• **WHAT YOU SHOULD DO**
Return every entry below exactly as written, minus the pictures.

• **DATA SECTION**

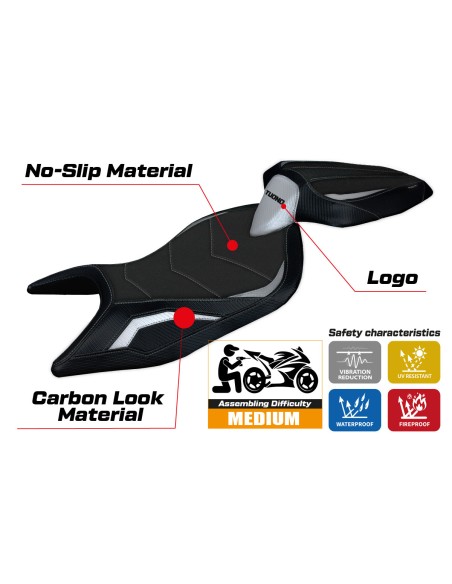 Housse de selle compatible - Aprilia Tuono 660 2021-2024 - mod Sparta Ultragrip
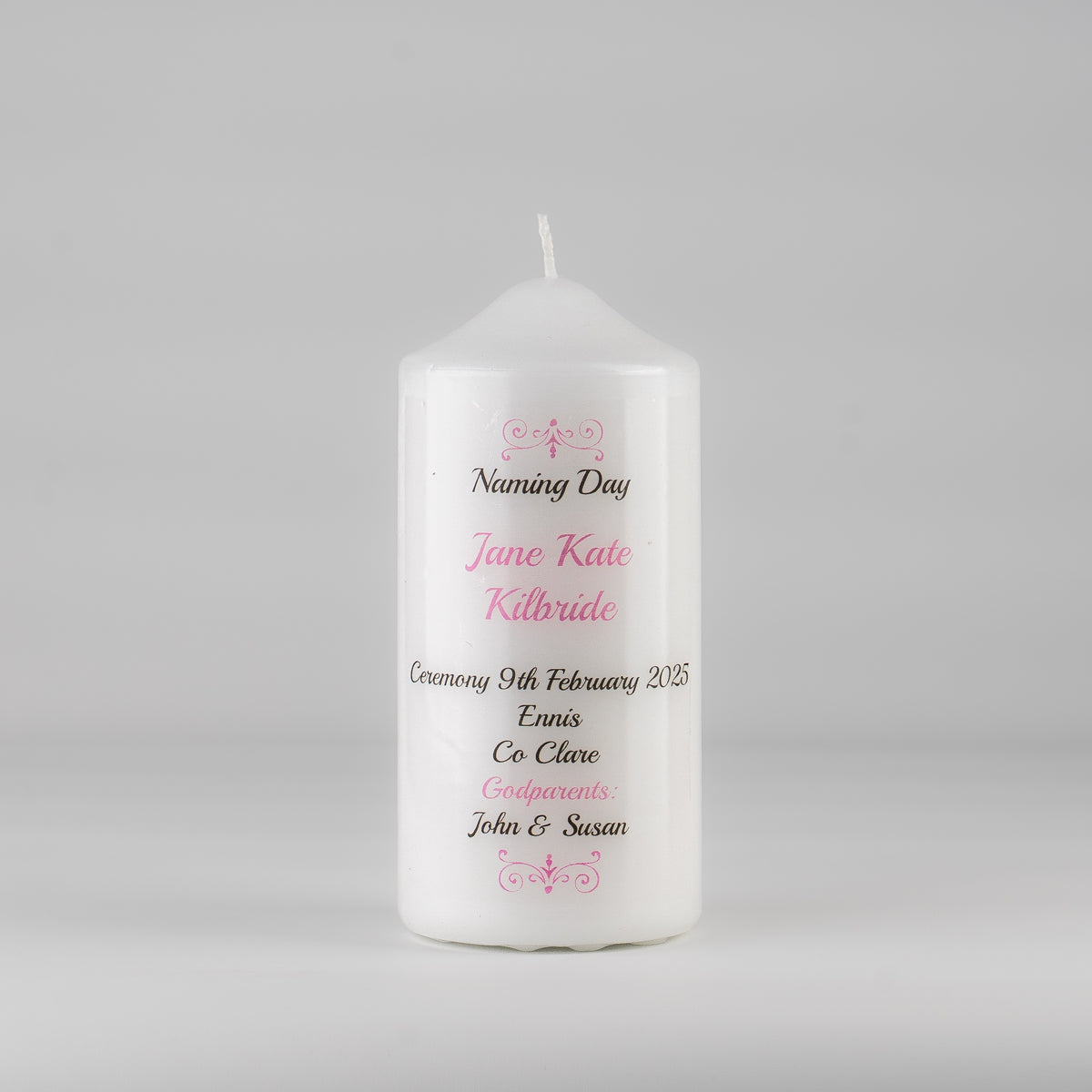 Traditional Personalised Naming Day Candle Pink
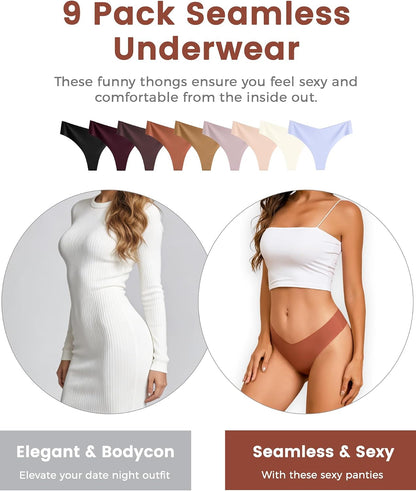 Seamless V-Waist Thongs for Women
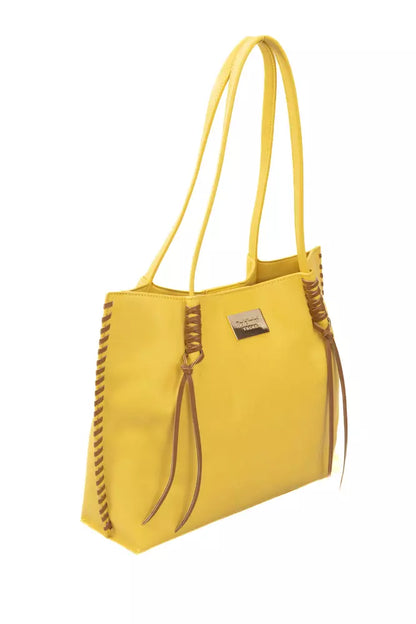 Yellow Polyurethane Women Handbag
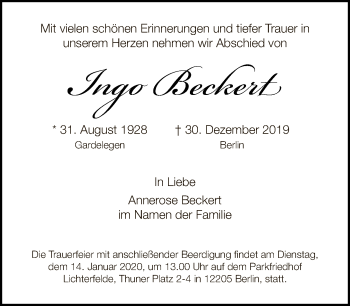 Traueranzeige von Ingo Beckert von Tagesspiegel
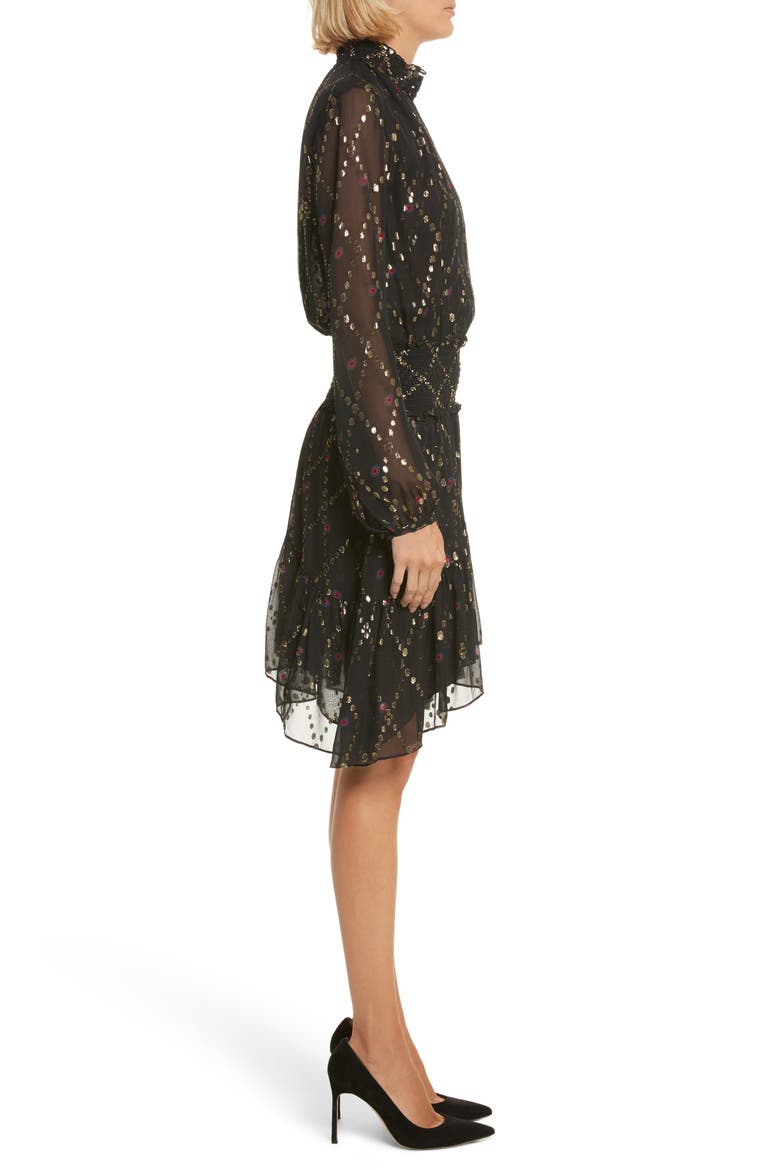 Tula Silk Dress, Alternate, color, BLACK MULTI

• **SOLUTION TO THIS PROBLEM**
 Housse de selle compatible - Aprilia Tuono 660 2021-2024 - mod Sparta Ultragrip
 Traditional Personalised Naming Day Candle Pink
 Seamless V-Waist Thongs for Women
 Yellow Polyurethane Women Handbag
 Traueranzeige von Ingo Beckert von Tagesspiegel
 Tula Silk Dress, Alternate, color, BLACK MULTI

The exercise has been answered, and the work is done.